Du côté des associés minoritaires, le message est plus rude. L’ordonnance du 12 mars 2025, en encadrant strictement les nullités, réduit leur capacité de nuisance sur les décisions sociales. C’est une tendance de fond : on veut éviter que des vices formels ne paralysent la vie des sociétés. Mais cette sécurisation a un coût pour ceux qui subissent des décisions réellement abusives. Le rééquilibrage passe par la responsabilité civile, pas par l’annulation systématique.
Franchement, la situation mérite une vraie vigilance. Un associé confronté à une violation des statuts doit aujourd’hui se demander non seulement ce qu’il peut faire, mais aussi si ses statuts lui donnent encore les armes nécessaires. Les sources comme entreprise-transparence.com permettent de suivre ces évolutions. Rien ne remplace une lecture attentive de ses propres statuts et, si besoin, une consultation juridique ciblée.

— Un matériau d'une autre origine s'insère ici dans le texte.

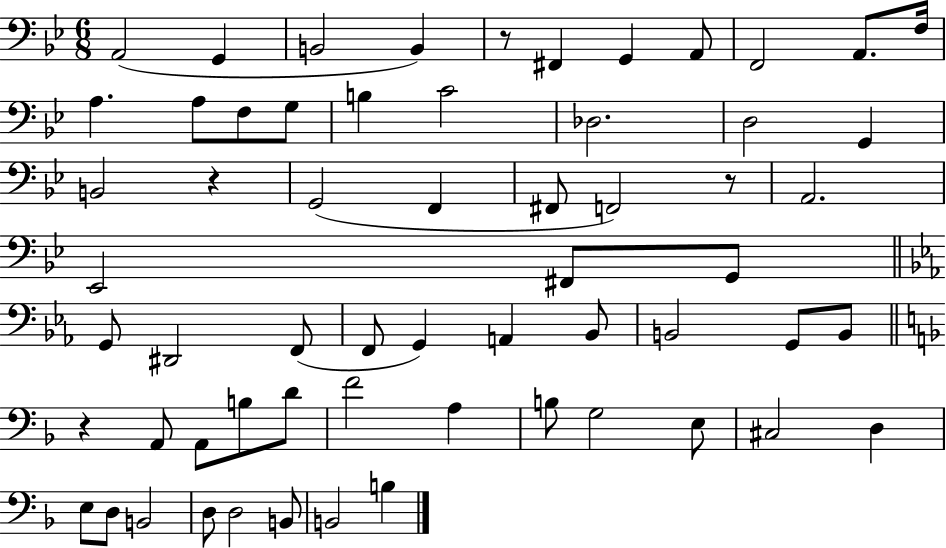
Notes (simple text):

A2/h G2/q B2/h B2/q R/e F#2/q G2/q A2/e F2/h A2/e. F3/s A3/q. A3/e F3/e G3/e B3/q C4/h Db3/h. D3/h G2/q B2/h R/q G2/h F2/q F#2/e F2/h R/e A2/h. Eb2/h F#2/e G2/e G2/e D#2/h F2/e F2/e G2/q A2/q Bb2/e B2/h G2/e B2/e R/q A2/e A2/e B3/e D4/e F4/h A3/q B3/e G3/h E3/e C#3/h D3/q E3/e D3/e B2/h D3/e D3/h B2/e B2/h B3/q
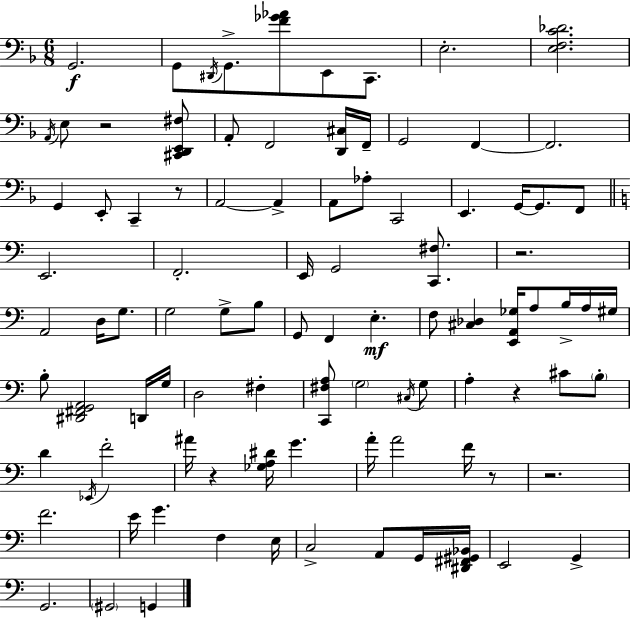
X:1
T:Untitled
M:6/8
L:1/4
K:F
G,,2 G,,/2 ^D,,/4 G,,/2 [F_G_A]/2 E,,/2 C,,/2 E,2 [E,F,C_D]2 A,,/4 E,/2 z2 [^C,,D,,E,,^F,]/2 A,,/2 F,,2 [D,,^C,]/4 F,,/4 G,,2 F,, F,,2 G,, E,,/2 C,, z/2 A,,2 A,, A,,/2 _A,/2 C,,2 E,, G,,/4 G,,/2 F,,/2 E,,2 F,,2 E,,/4 G,,2 [C,,^F,]/2 z2 A,,2 D,/4 G,/2 G,2 G,/2 B,/2 G,,/2 F,, E, F,/2 [^C,_D,] [E,,A,,_G,]/4 A,/2 B,/4 A,/4 ^G,/4 B,/2 [^D,,^F,,G,,A,,]2 D,,/4 G,/4 D,2 ^F, [C,,^F,A,]/2 G,2 ^C,/4 G,/2 A, z ^C/2 B,/2 D _E,,/4 F2 ^A/4 z [_G,A,^D]/4 G A/4 A2 F/4 z/2 z2 F2 E/4 G F, E,/4 C,2 A,,/2 G,,/4 [^D,,^F,,^G,,_B,,]/4 E,,2 G,, G,,2 ^G,,2 G,,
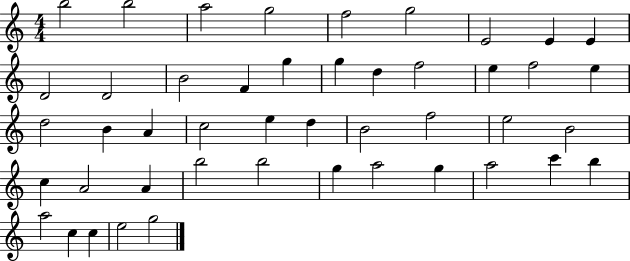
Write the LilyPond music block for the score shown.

{
  \clef treble
  \numericTimeSignature
  \time 4/4
  \key c \major
  b''2 b''2 | a''2 g''2 | f''2 g''2 | e'2 e'4 e'4 | \break d'2 d'2 | b'2 f'4 g''4 | g''4 d''4 f''2 | e''4 f''2 e''4 | \break d''2 b'4 a'4 | c''2 e''4 d''4 | b'2 f''2 | e''2 b'2 | \break c''4 a'2 a'4 | b''2 b''2 | g''4 a''2 g''4 | a''2 c'''4 b''4 | \break a''2 c''4 c''4 | e''2 g''2 | \bar "|."
}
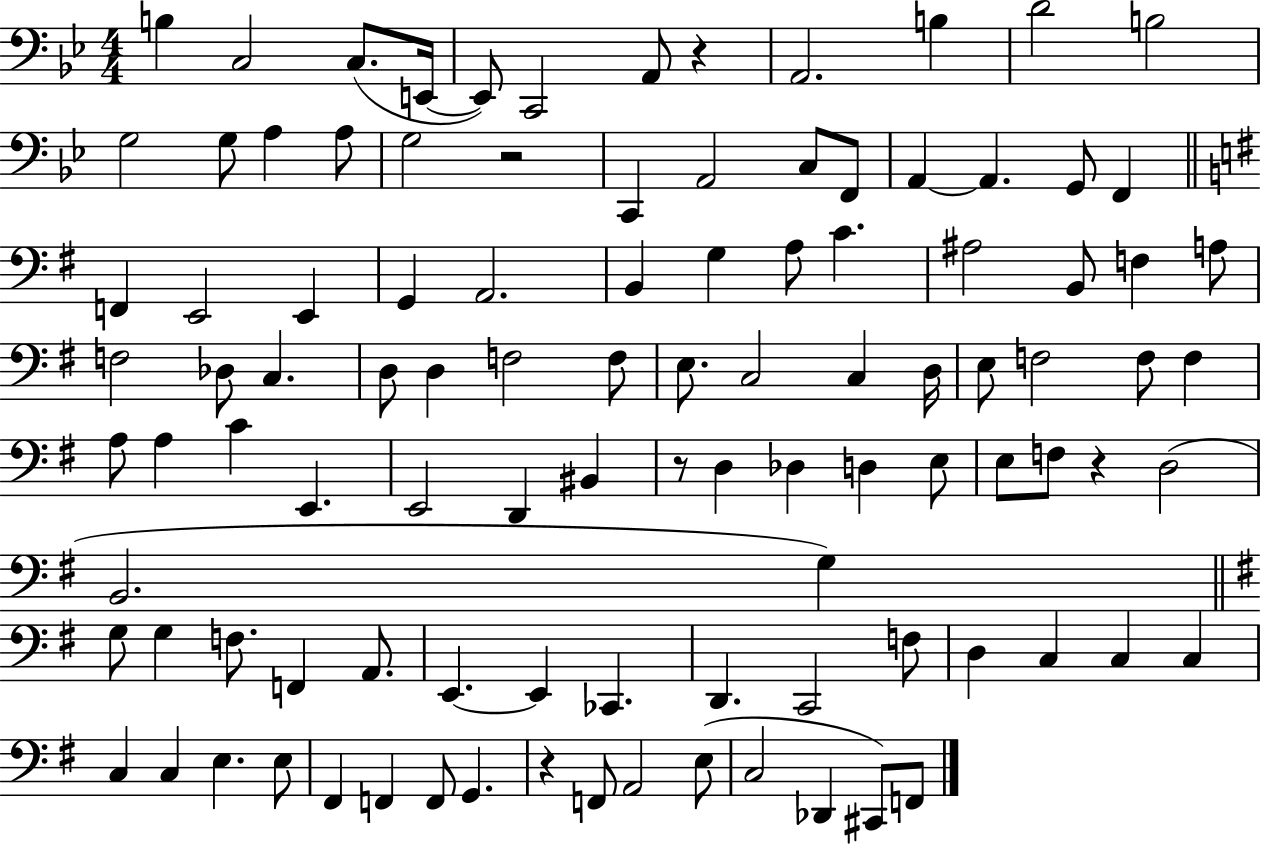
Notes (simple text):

B3/q C3/h C3/e. E2/s E2/e C2/h A2/e R/q A2/h. B3/q D4/h B3/h G3/h G3/e A3/q A3/e G3/h R/h C2/q A2/h C3/e F2/e A2/q A2/q. G2/e F2/q F2/q E2/h E2/q G2/q A2/h. B2/q G3/q A3/e C4/q. A#3/h B2/e F3/q A3/e F3/h Db3/e C3/q. D3/e D3/q F3/h F3/e E3/e. C3/h C3/q D3/s E3/e F3/h F3/e F3/q A3/e A3/q C4/q E2/q. E2/h D2/q BIS2/q R/e D3/q Db3/q D3/q E3/e E3/e F3/e R/q D3/h B2/h. G3/q G3/e G3/q F3/e. F2/q A2/e. E2/q. E2/q CES2/q. D2/q. C2/h F3/e D3/q C3/q C3/q C3/q C3/q C3/q E3/q. E3/e F#2/q F2/q F2/e G2/q. R/q F2/e A2/h E3/e C3/h Db2/q C#2/e F2/e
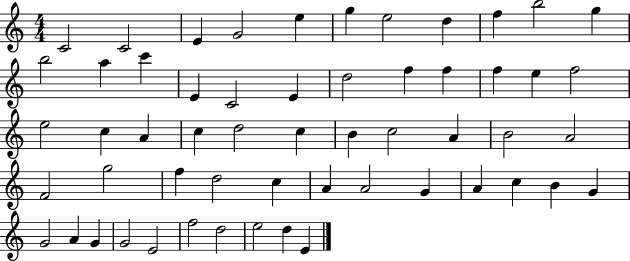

Le temps des statuts sur mesure est venu
La réforme des nullités ne supprime pas la protection des associés de SAS, elle la déplace. Ce n’est plus la loi qui garantit l’annulation en cas de violation des statuts, ce sont les statuts eux-mêmes qui doivent l’organiser. Pour les sociétés dont les clauses sont restées muettes, l’inaction coûte cher.
Pour celles qui prennent le temps de réviser leurs textes, l’outil devient plus précis et plus fiable qu’avant. Au fond, cette réforme pourrait pousser les associés à mieux définir leurs règles, au lieu de se reposer sur des réflexes hérités d’un ancien régime. Mais avez-vous encore le temps d’attendre un prochain conflit pour vous en rendre compte ?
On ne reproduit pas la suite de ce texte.